Re: pageinspect patch, for showing tuple data

From
Michael Paquier
Date:
On Sat, Oct 17, 2015 at 5:15 AM, Nikolay Shaplov
<n.shaplov@postgrespro.ru> wrote:
> So what's next?

Wait and see a bit.

> We need something else to discuss?
> We need somebody else's opinion to rule this out?

The spec of the patch looks clear to me.

> Or it's ready to commit, and just not marked this way?

No, I don't think we have reached this state yet.

> I am going to make report based on this patch in Vienna. It would be
> nice to have it committed until then :)

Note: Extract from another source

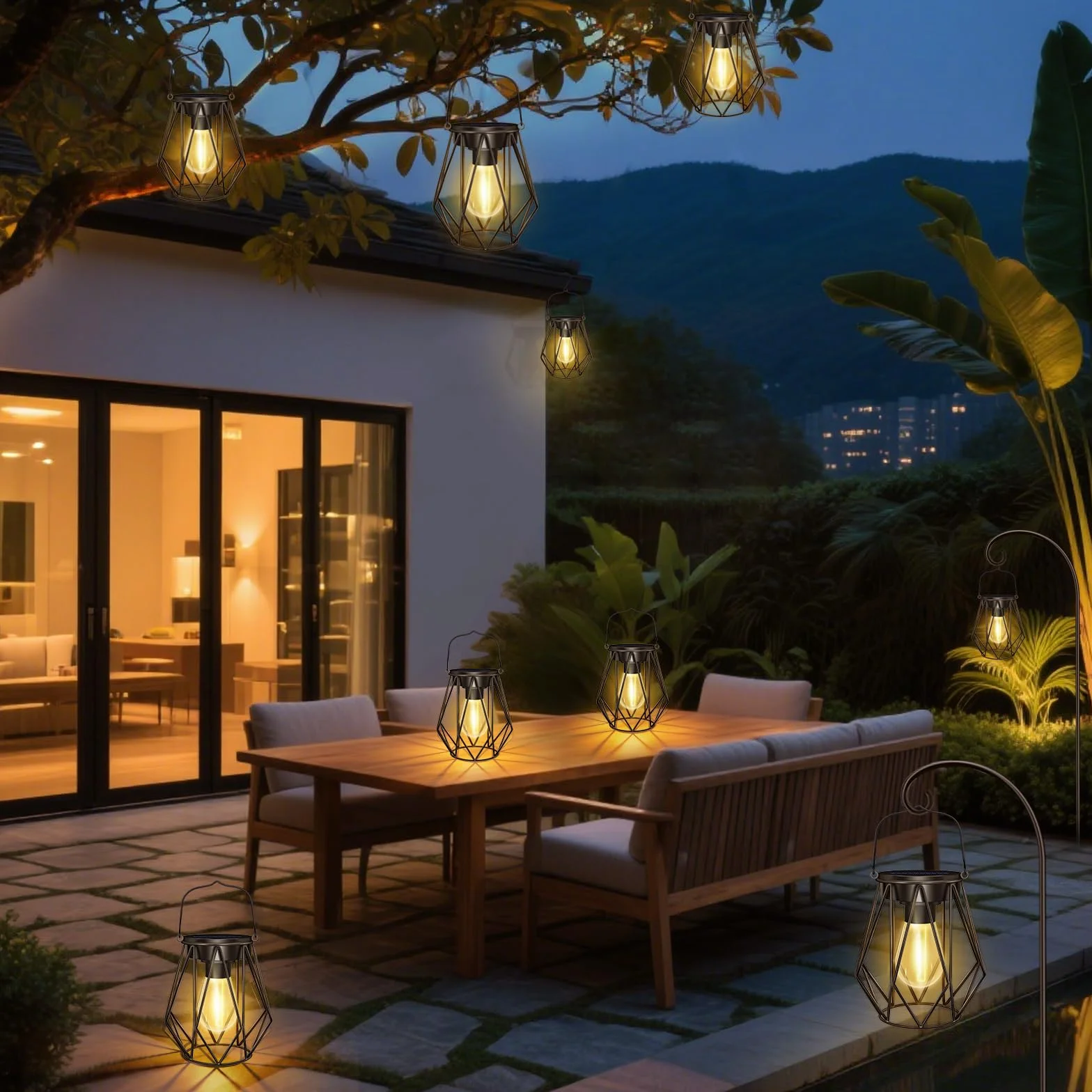 Lanterne Solaire Exterieur Jardin IP65 Étanche LED Métal 2 Pièces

This is registered in this November's CF and the current one is not
completely wrapped up, so I haven't rushed into looking at it.
Regards,
-- 
Michael



Re: pageinspect patch, for showing tuple data

From
Michael Paquier
Date:
On Sat, Oct 17, 2015 at 1:48 AM, Michael Paquier wrote:
> On Sat, Oct 17, 2015 at 5:15 AM, Nikolay Shaplov wrote:
>> Or it's ready to commit, and just not marked this way?
>
> No, I don't think we have reached this state yet.
>
>> I am going to make report based on this patch in Vienna. It would be
>> nice to have it committed until then :)
>
> This is registered in this November's CF and the current one is not
> completely wrapped up, so I haven't rushed into looking at it.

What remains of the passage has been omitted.